“The Turkey that Ate St. Louis” (1969)
A real Turkey that Seth and Molly found in Seth’s Attic – an old 16mm movie made in Seth’s salad days. It’s hard to believe that this was the main course.
One of the many doubtful activities of my youth was making films. I started doing this at age 11, and by the time I was a teenager, my buddy Jerry Rebold and I had already constructed a sound system that occasionally worked with our wind-up, 16mm camera.
In 1967, while in grad school, fellow student Bob O’Connell, Jerry Rebold and I made a half-hour film entitled “The Teenage Monster Blob from Outer Space, Which I Was.” This parody of 1950s sci-fi films starred six pounds of Play-Doh.

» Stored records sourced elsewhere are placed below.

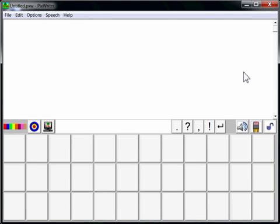Welcome to PixWriter 3.2 on Windows. Showing on the screen is the PixWriter program. PixWriter is a student writing program that uses pictures to support reading and writing of words.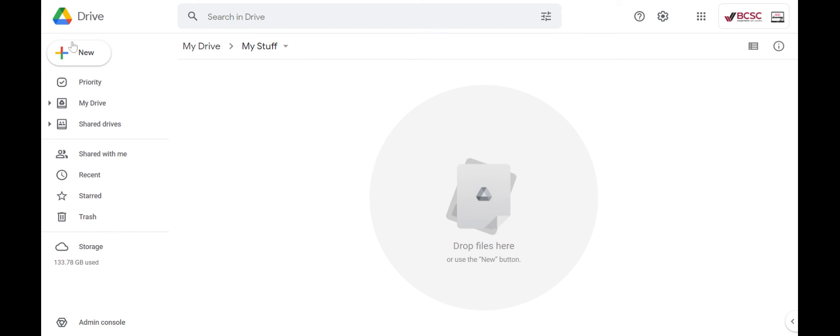If I wanted to add files to this folder, I can just drag and drop from my computer or I could just click new file upload and add them here.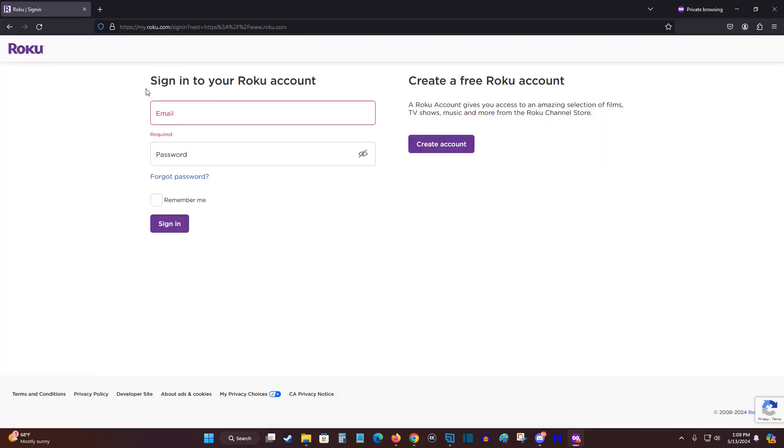And of course, on the next page, we're going to sign in to your Roku account. So enter in the email that is associated with your Roku account, your password, and then click sign in.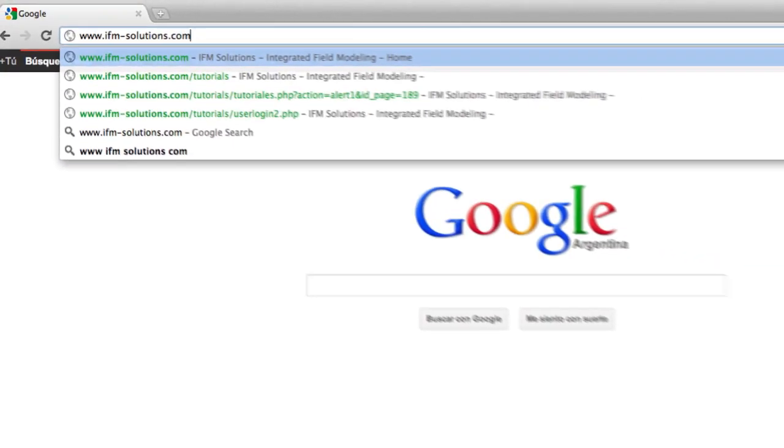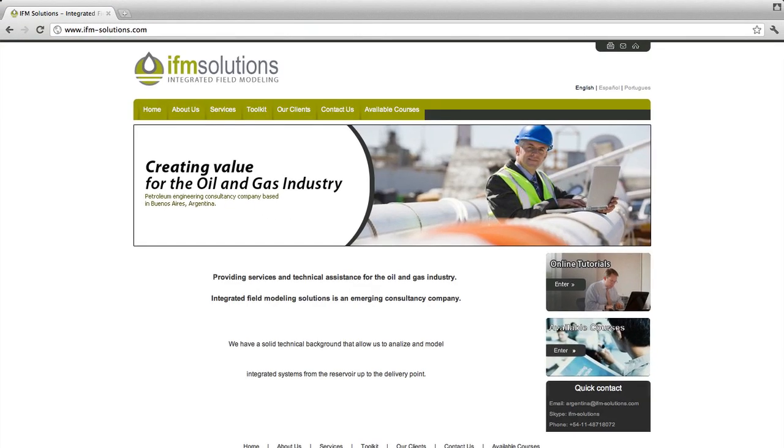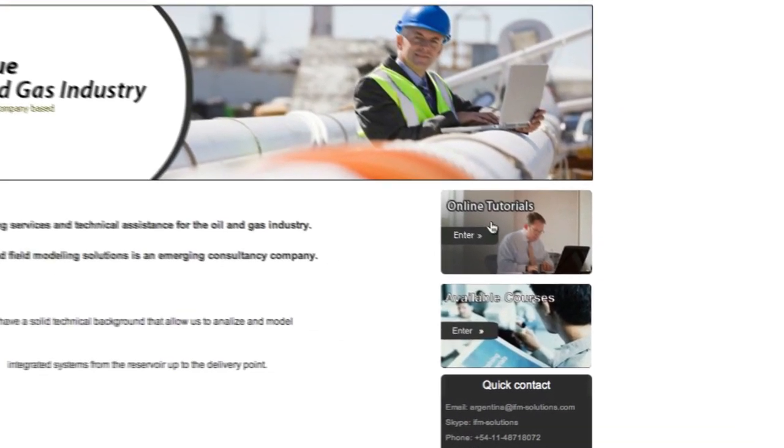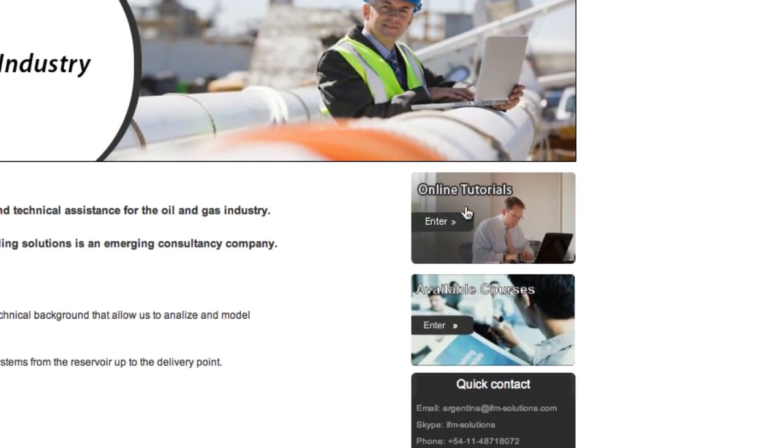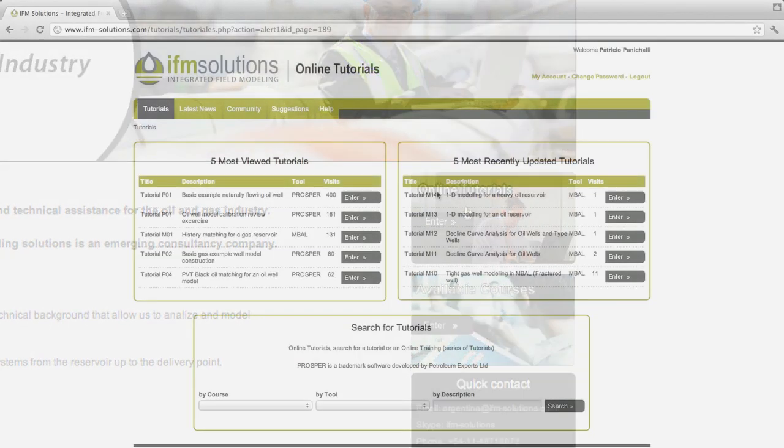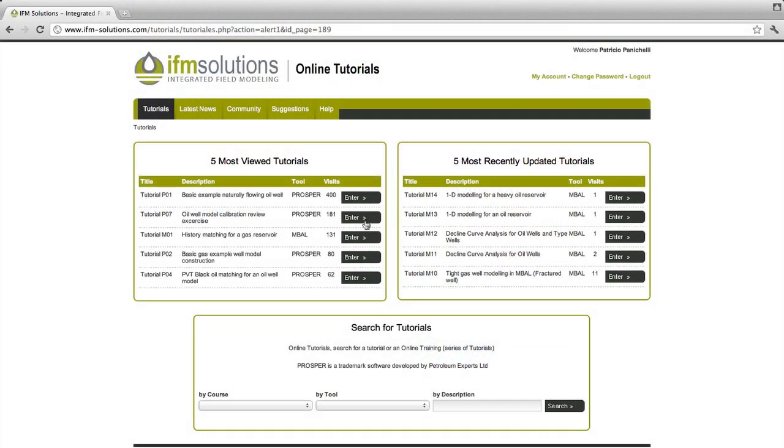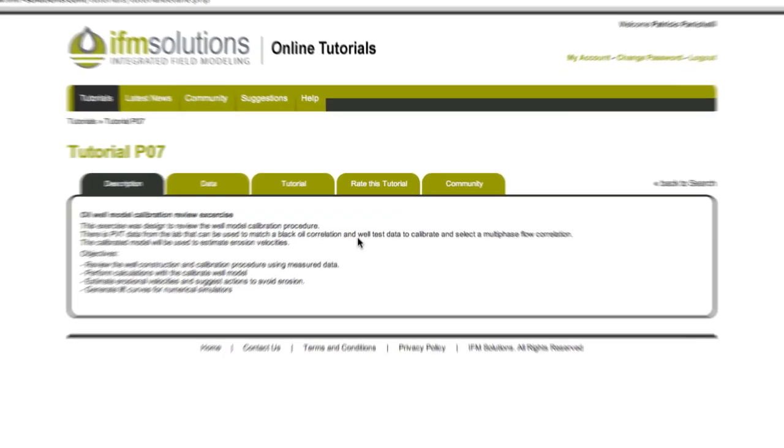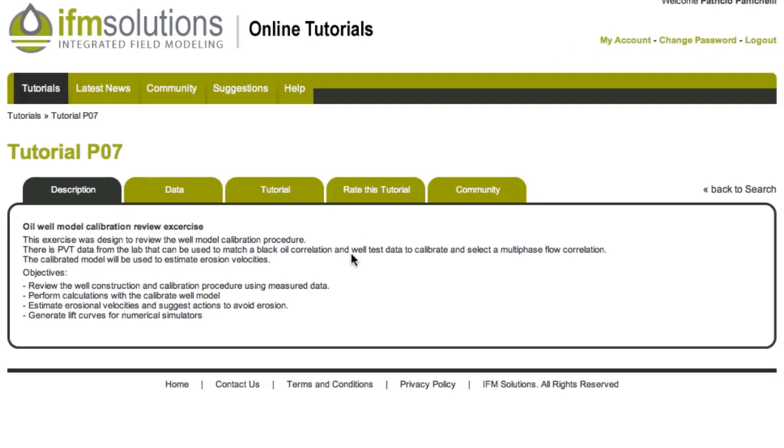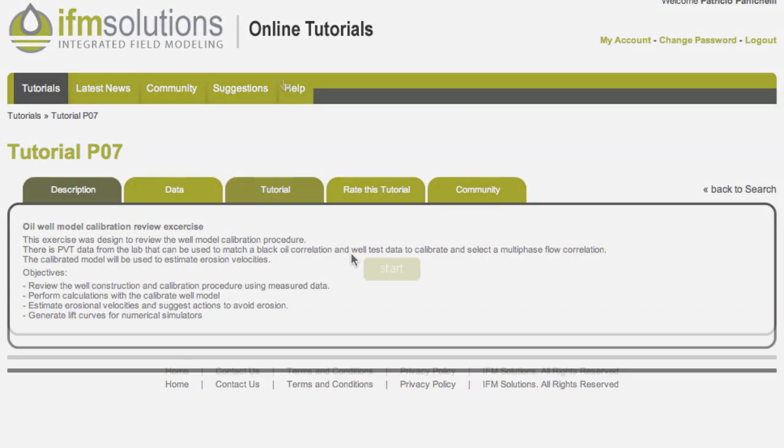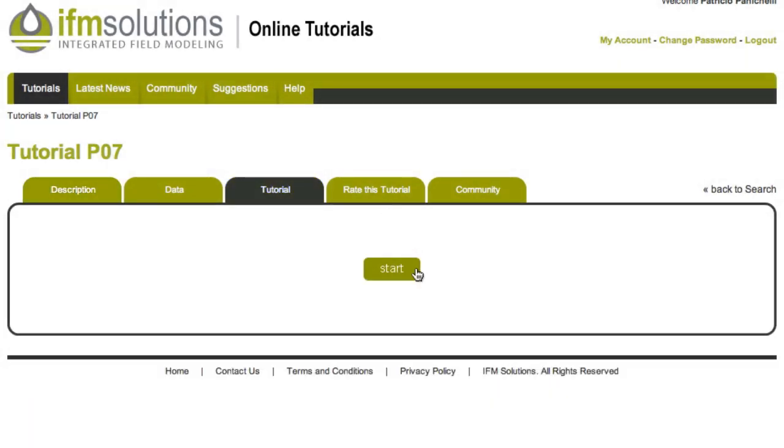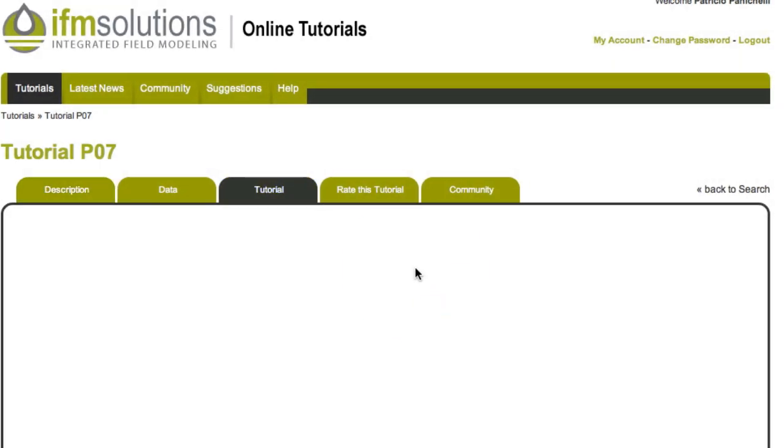At IFM Solutions we have designed step-by-step online tutorials. These tutorials teach the user how to use the IPM suite and to develop new skills. This is an example of one of our tutorials.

The film bombed. It was, as O’Connell called it, “a turkey.” This disgusting failure prompted us to change our cinematic strategy in two ways: (1) our next film was just going to be a trailer, rather than a complete film – that way we could save money and just put in the good parts, and (2) if we were making turkeys, why not make a REAL turkey?
Ergo, this short “preview” film, shot mostly at Caltech and at that school’s Owens Valley Radio Observatory. Observant viewers will note then-department chair Jesse Greenstein in the role of Walter Cronkite, and a few other astronomers too (including yours truly).
“The Teenage Monster Blob” eventually became more popular. Too late.